(Exercise goal) Reproduce exactly the lines from the one containing "Bedroom, Bed in Marbela Apartments & Suites" through the end of the entries, including both. Drop the pictures.
Input data START
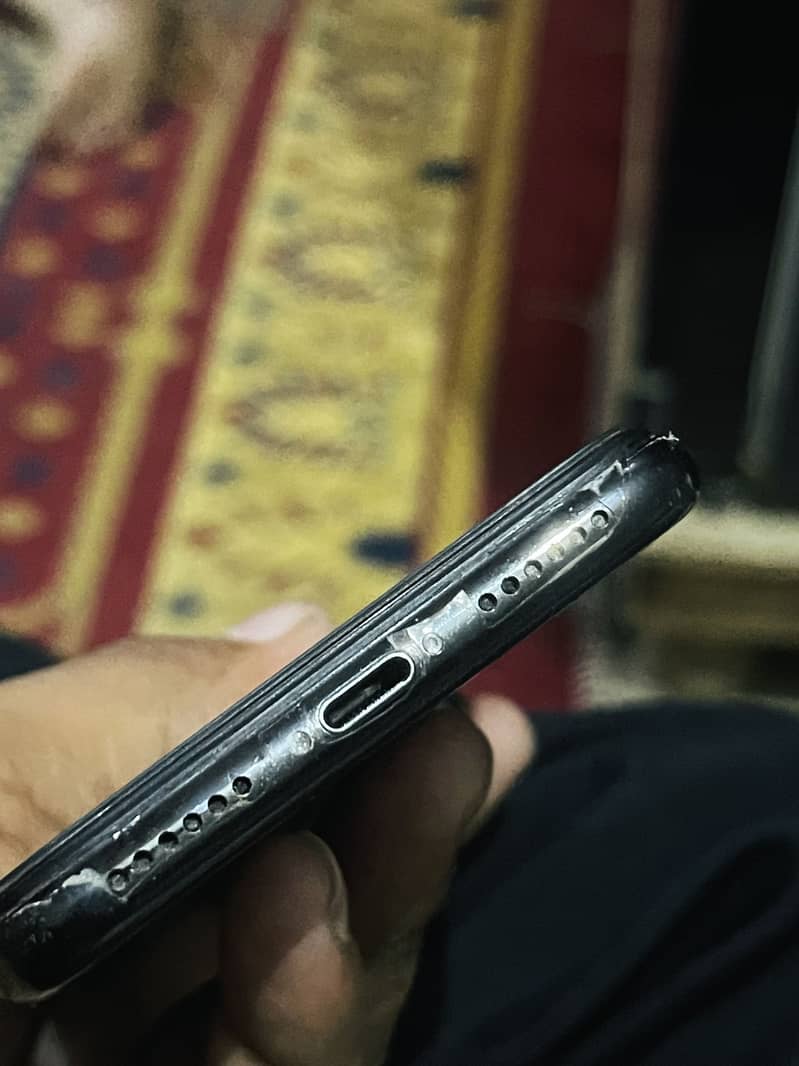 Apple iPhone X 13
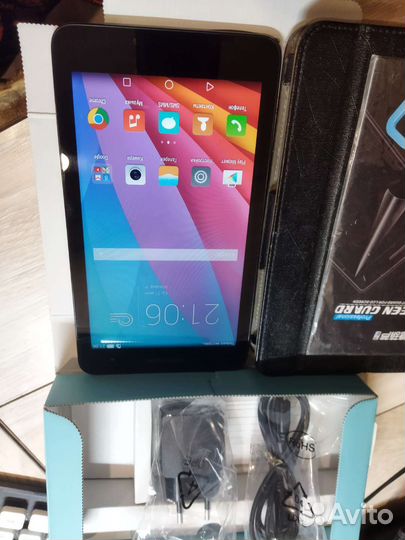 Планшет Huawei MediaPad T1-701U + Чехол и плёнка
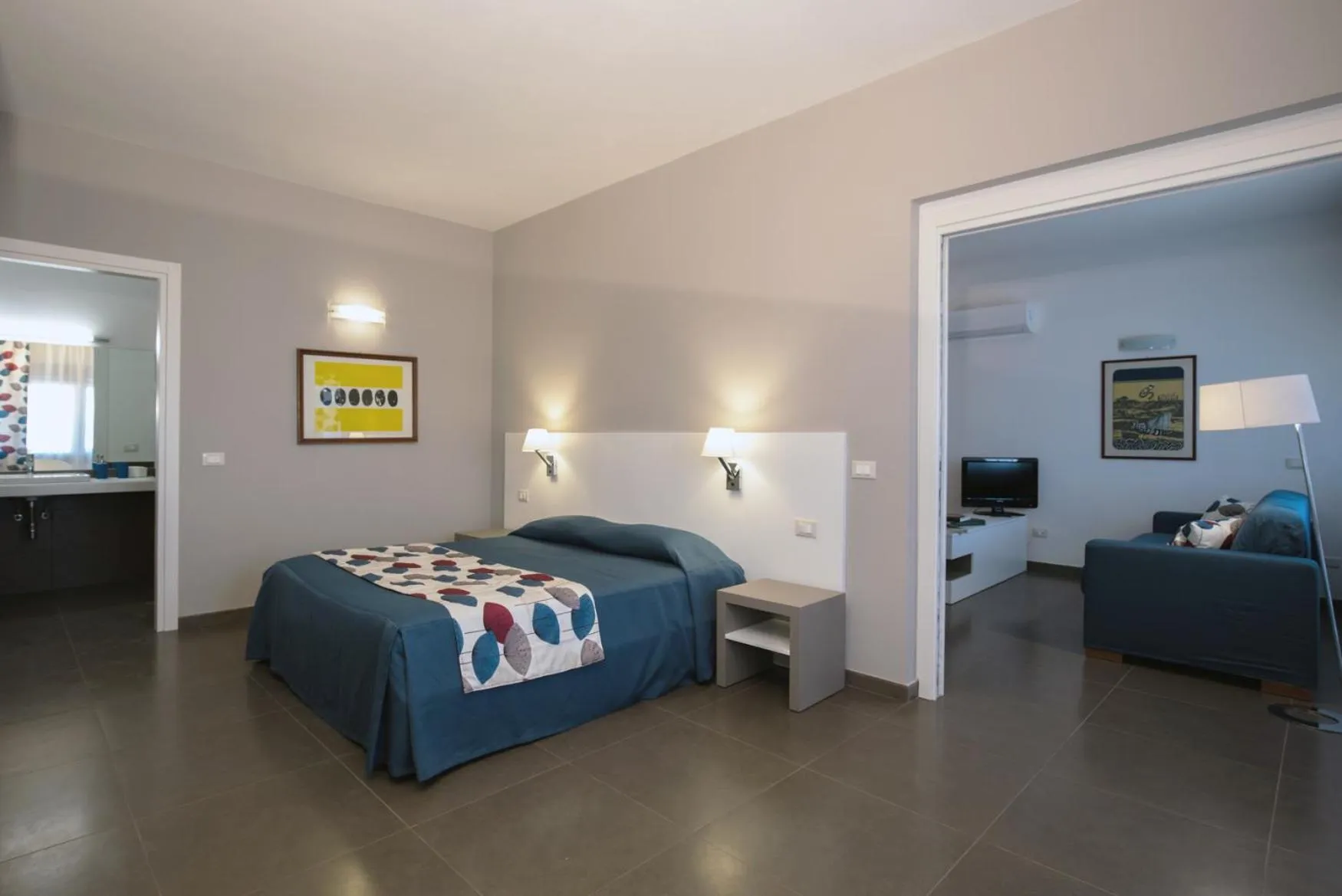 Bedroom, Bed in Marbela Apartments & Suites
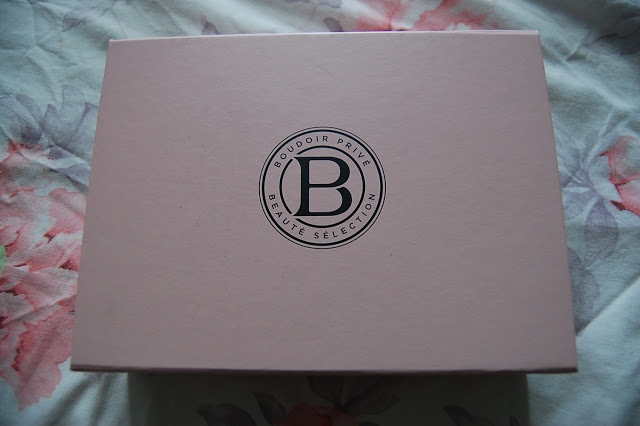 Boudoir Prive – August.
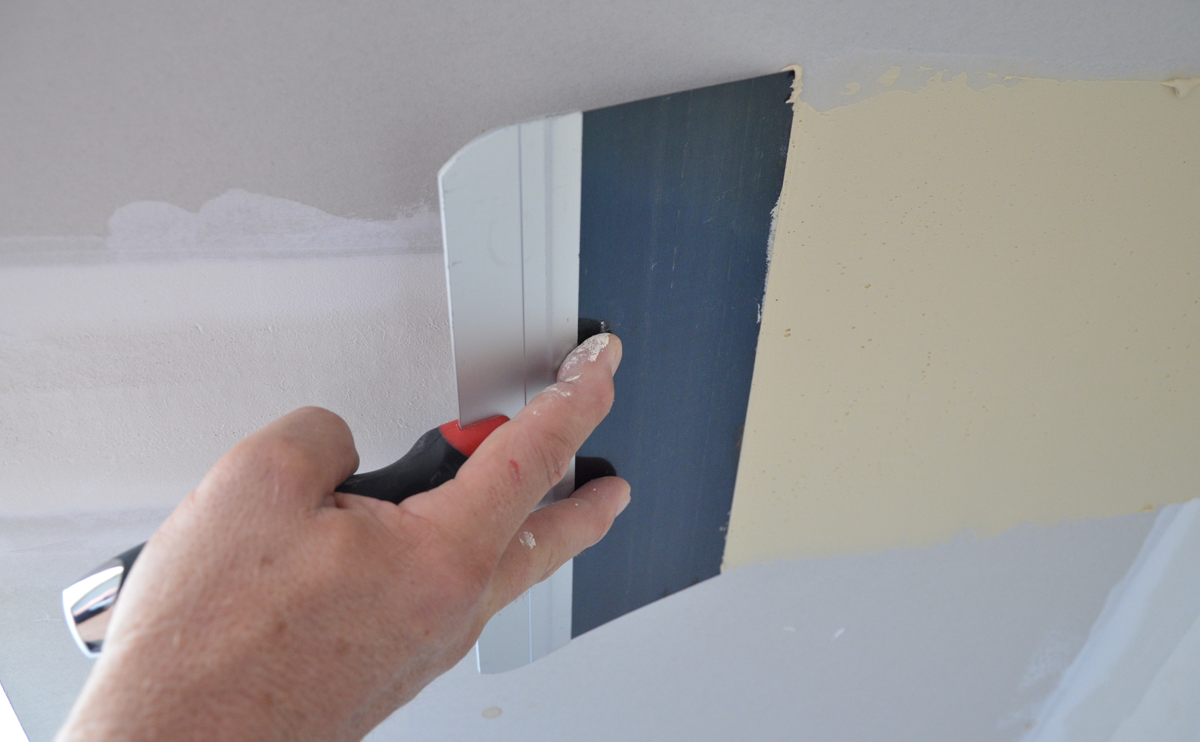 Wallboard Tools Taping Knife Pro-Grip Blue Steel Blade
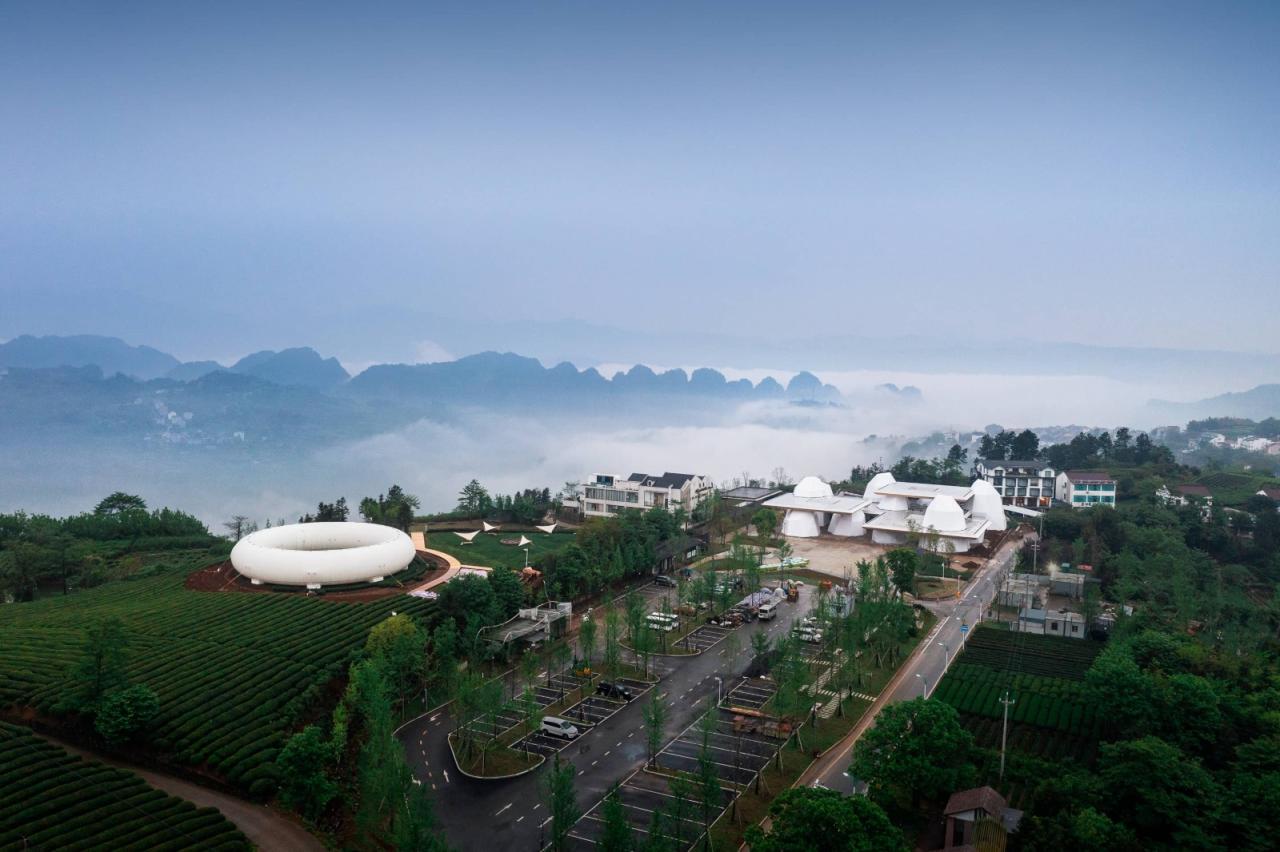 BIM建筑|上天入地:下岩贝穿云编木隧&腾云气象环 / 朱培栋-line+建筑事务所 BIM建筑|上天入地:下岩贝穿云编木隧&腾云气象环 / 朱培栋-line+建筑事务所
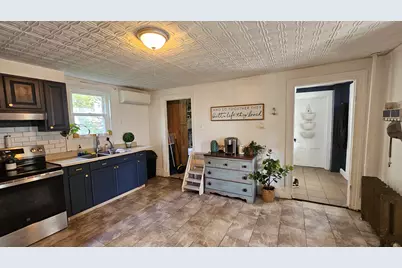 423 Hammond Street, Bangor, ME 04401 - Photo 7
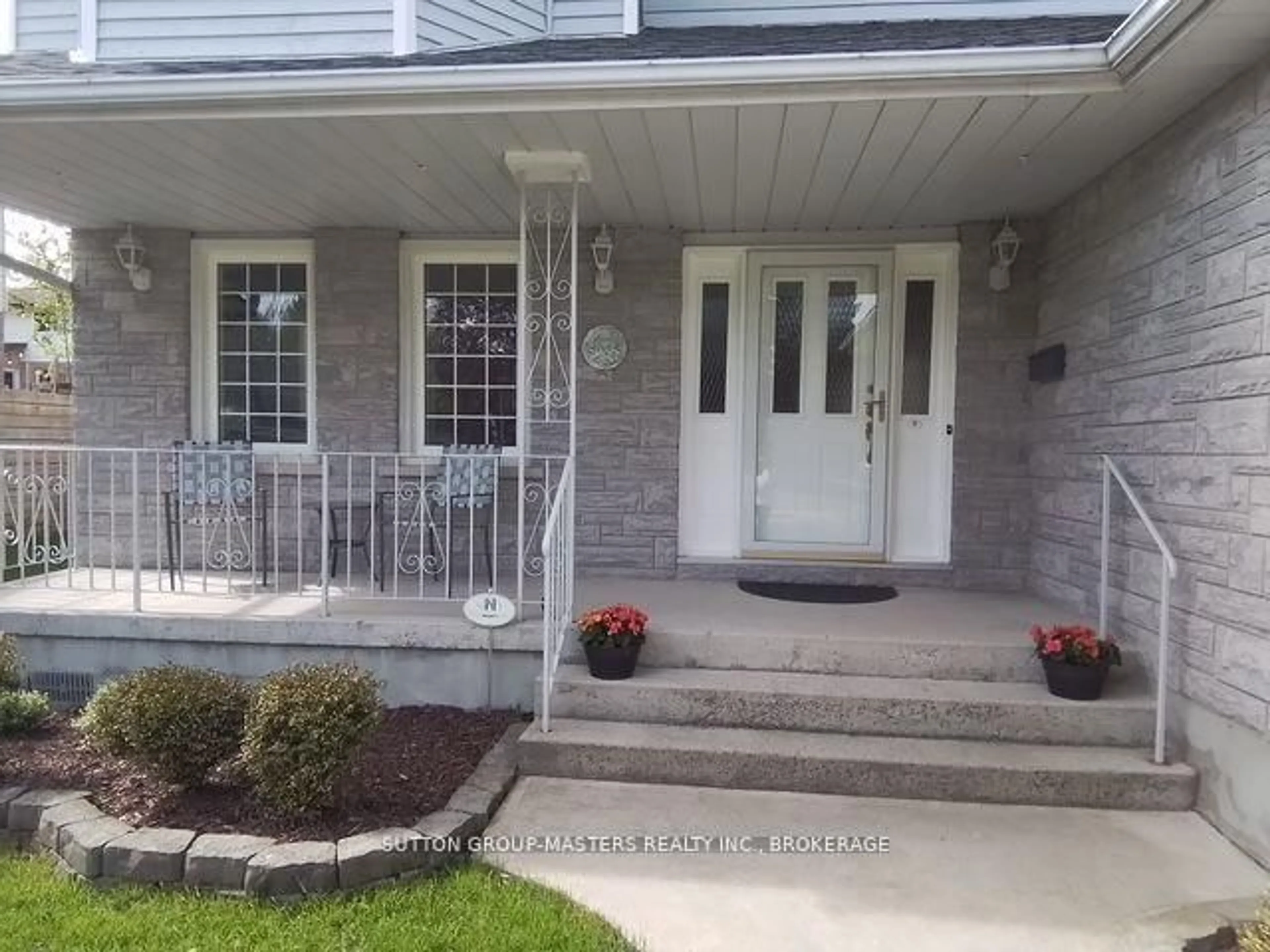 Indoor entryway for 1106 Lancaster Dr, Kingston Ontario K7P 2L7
Input data END
(Task result)
 Bedroom, Bed in Marbela Apartments & Suites
 Boudoir Prive – August.
 Wallboard Tools Taping Knife Pro-Grip Blue Steel Blade
 BIM建筑|上天入地:下岩贝穿云编木隧&腾云气象环 / 朱培栋-line+建筑事务所 BIM建筑|上天入地:下岩贝穿云编木隧&腾云气象环 / 朱培栋-line+建筑事务所
 423 Hammond Street, Bangor, ME 04401 - Photo 7
 Indoor entryway for 1106 Lancaster Dr, Kingston Ontario K7P 2L7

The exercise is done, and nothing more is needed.